**Records for this task:**
....................
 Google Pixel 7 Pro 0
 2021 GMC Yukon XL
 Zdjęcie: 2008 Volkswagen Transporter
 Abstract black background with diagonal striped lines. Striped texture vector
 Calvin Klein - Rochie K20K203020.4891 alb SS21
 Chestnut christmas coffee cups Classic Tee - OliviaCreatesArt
....................
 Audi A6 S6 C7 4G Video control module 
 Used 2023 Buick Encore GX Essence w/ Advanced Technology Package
....................
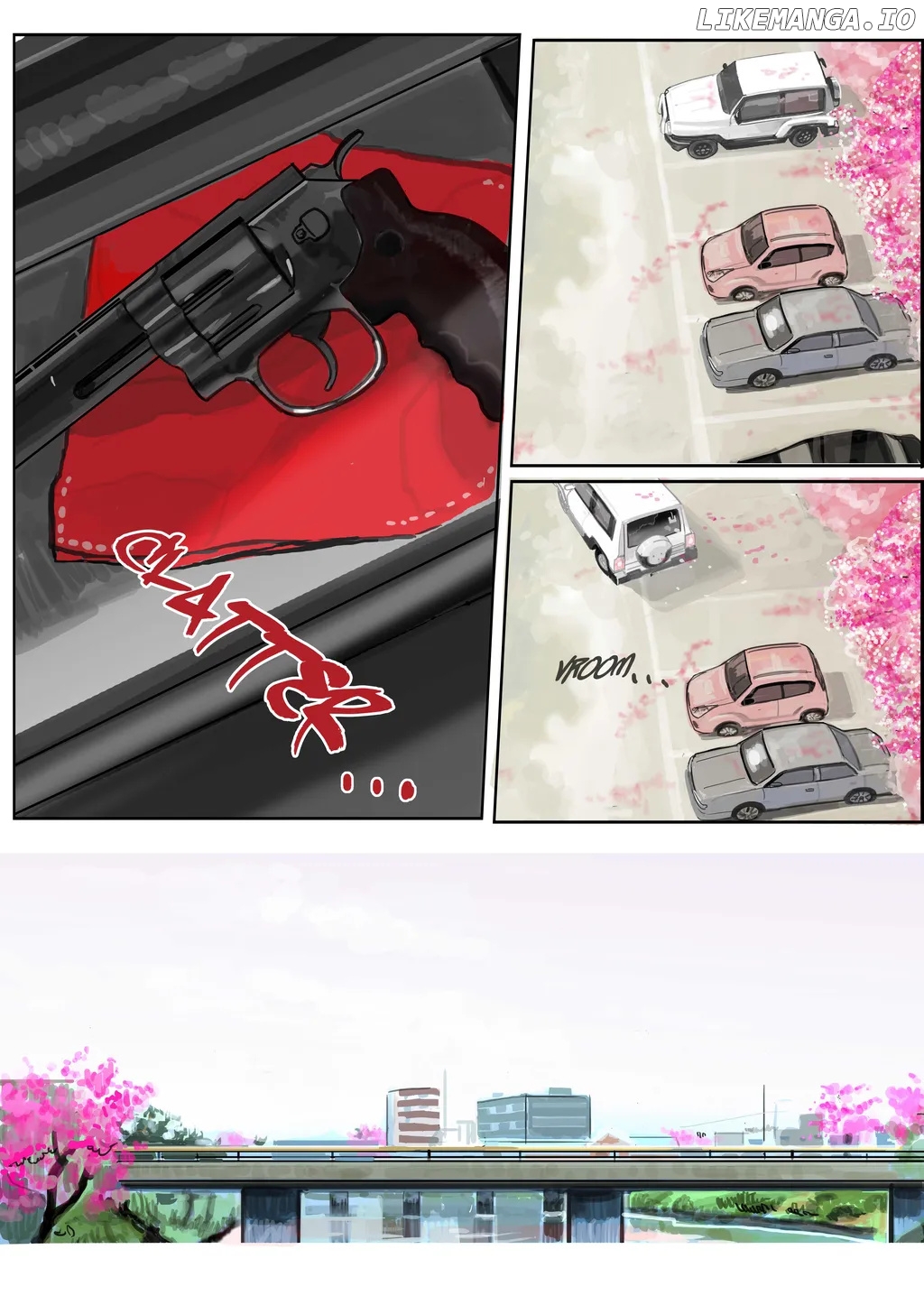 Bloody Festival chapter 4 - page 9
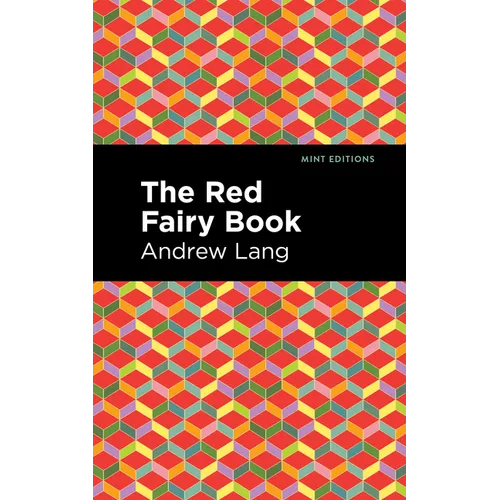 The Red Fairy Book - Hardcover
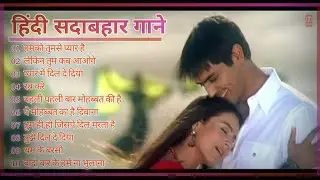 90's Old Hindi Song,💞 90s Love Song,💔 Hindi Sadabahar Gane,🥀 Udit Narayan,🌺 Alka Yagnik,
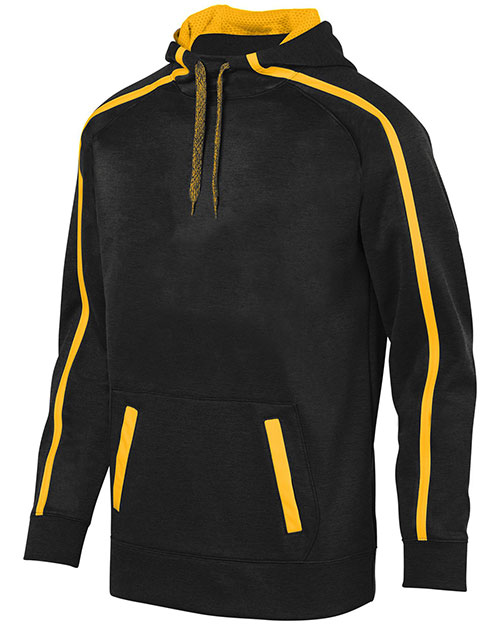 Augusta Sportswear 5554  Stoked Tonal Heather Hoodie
....................
Take the line above containing "Abstract black background", the line containing "Chestnut christmas coffee", and all lines in between, and copy them exactly without anything else.

**Exercise response:**
 Abstract black background with diagonal striped lines. Striped texture vector
 Calvin Klein - Rochie K20K203020.4891 alb SS21
 Chestnut christmas coffee cups Classic Tee - OliviaCreatesArt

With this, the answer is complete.